情報開示の完璧な制御こそがホラーの真骨頂である。つまりは本作のように。

古来、名付けとは呪であるとされる。たとえどれほどまでに恐ろしい力を持った存在であろうとも、その正体が分かってしまえば、その者に名前を与えてしまえば、必ず、恐怖というものは薄れ、そして名付けたものが優位となる。

文学におけるホラーというジャンルにおいて、これはもっとも重要で本質的な問題の一つだ。文学というものは還元してしまえばつまるところ情報の集合体であり、他人におのが言わんとすることを知ってもらわないことには文筆は成り立たないし、読書という体験も始まらない。だが、知られてしまえば、知らせてしまえば、必ず呪は薄れる。ここに、ホラー小説の抱える構造的な難しさがある。つまり、情報の開示をいかにコントロールし、読者を術中に陥れるかということが、ホラー作品のもっとも中核的要素の一つなのである。

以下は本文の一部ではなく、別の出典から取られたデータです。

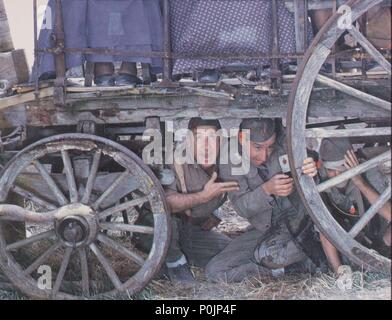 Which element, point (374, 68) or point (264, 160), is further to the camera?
Answer: point (264, 160)

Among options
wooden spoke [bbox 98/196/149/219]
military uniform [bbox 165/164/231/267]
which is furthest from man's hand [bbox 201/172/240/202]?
wooden spoke [bbox 98/196/149/219]

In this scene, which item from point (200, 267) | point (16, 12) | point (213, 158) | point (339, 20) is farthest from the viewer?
point (16, 12)

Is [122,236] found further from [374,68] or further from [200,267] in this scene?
[374,68]

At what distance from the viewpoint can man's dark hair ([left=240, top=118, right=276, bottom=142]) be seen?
219 inches

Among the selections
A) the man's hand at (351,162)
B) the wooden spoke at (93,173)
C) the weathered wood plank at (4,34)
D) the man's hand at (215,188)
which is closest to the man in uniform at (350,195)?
the man's hand at (351,162)

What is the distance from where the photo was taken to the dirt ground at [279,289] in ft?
16.6

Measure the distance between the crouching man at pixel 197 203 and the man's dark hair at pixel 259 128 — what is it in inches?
9.8

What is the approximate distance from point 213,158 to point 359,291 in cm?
155

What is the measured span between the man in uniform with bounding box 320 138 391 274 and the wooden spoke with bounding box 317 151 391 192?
195 millimetres

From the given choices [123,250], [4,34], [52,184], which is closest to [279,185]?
[123,250]

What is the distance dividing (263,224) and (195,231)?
0.72m

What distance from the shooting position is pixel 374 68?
5.19 metres

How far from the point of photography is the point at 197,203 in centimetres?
570

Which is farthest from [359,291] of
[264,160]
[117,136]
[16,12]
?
[16,12]
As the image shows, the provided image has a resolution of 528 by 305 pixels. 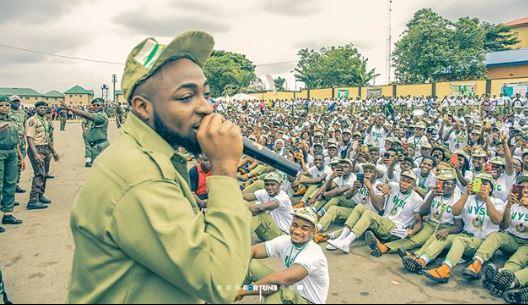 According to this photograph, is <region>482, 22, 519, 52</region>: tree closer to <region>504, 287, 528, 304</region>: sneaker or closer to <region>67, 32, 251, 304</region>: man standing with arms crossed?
<region>504, 287, 528, 304</region>: sneaker

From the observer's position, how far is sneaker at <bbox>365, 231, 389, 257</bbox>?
5.61 m

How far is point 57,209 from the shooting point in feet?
24.6

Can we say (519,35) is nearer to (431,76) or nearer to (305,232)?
(431,76)

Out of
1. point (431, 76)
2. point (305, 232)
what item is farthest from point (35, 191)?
point (431, 76)

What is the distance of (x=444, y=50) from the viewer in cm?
3156

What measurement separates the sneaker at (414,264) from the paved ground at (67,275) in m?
0.09

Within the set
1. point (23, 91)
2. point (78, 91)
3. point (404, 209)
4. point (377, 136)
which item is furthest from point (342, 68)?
point (23, 91)

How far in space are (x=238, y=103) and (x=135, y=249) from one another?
34473 millimetres

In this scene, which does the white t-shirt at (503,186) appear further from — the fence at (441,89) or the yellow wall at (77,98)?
the yellow wall at (77,98)

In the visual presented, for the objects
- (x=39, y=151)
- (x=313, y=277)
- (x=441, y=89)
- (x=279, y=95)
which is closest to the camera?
(x=313, y=277)

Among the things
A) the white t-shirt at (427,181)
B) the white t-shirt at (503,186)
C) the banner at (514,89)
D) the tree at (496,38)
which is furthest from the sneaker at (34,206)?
the tree at (496,38)

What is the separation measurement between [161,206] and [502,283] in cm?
451

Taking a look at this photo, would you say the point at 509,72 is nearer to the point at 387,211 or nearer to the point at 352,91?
the point at 352,91

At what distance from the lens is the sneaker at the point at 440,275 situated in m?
4.60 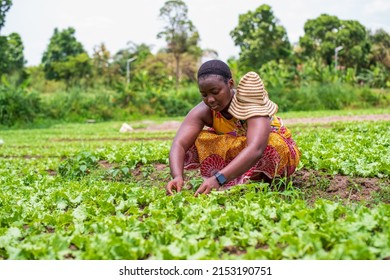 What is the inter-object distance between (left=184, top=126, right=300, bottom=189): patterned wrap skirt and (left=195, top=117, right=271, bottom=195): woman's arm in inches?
13.1

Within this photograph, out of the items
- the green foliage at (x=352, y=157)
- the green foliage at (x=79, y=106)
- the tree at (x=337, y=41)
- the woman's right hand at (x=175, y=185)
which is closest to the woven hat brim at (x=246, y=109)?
the woman's right hand at (x=175, y=185)

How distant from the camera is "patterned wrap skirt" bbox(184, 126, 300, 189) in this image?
15.1ft

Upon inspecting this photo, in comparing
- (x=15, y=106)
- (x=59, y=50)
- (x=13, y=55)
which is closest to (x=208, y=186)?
(x=15, y=106)

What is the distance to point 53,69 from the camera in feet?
146

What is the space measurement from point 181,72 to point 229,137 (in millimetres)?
38803

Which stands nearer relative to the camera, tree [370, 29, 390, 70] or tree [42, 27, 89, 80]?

具体的には、多くの場合、「少しずつ、少しずつ、情報が開示され、そしてじっとりと恐怖が読み手を侵食していく」という形が成功するときにホラーは成功する。終わってから粗筋を振り返り、物語構造を分析し直しても、そこから恐怖を見出すことは難しい。ただ一過性の読書体験の中で「背筋を伝った何か」、それこそがホラーの体験というものの本質であろう。

そして。

本作品ほど、巧妙を極めて情報の制御に成功し切った文学作品に、お目にかかったのはいつ以来のことであるか、私には分からない。嗚呼。久しぶりに、小説に呑まれるという経験をした。これがあるから、「よむ」という行為は止められないわけである。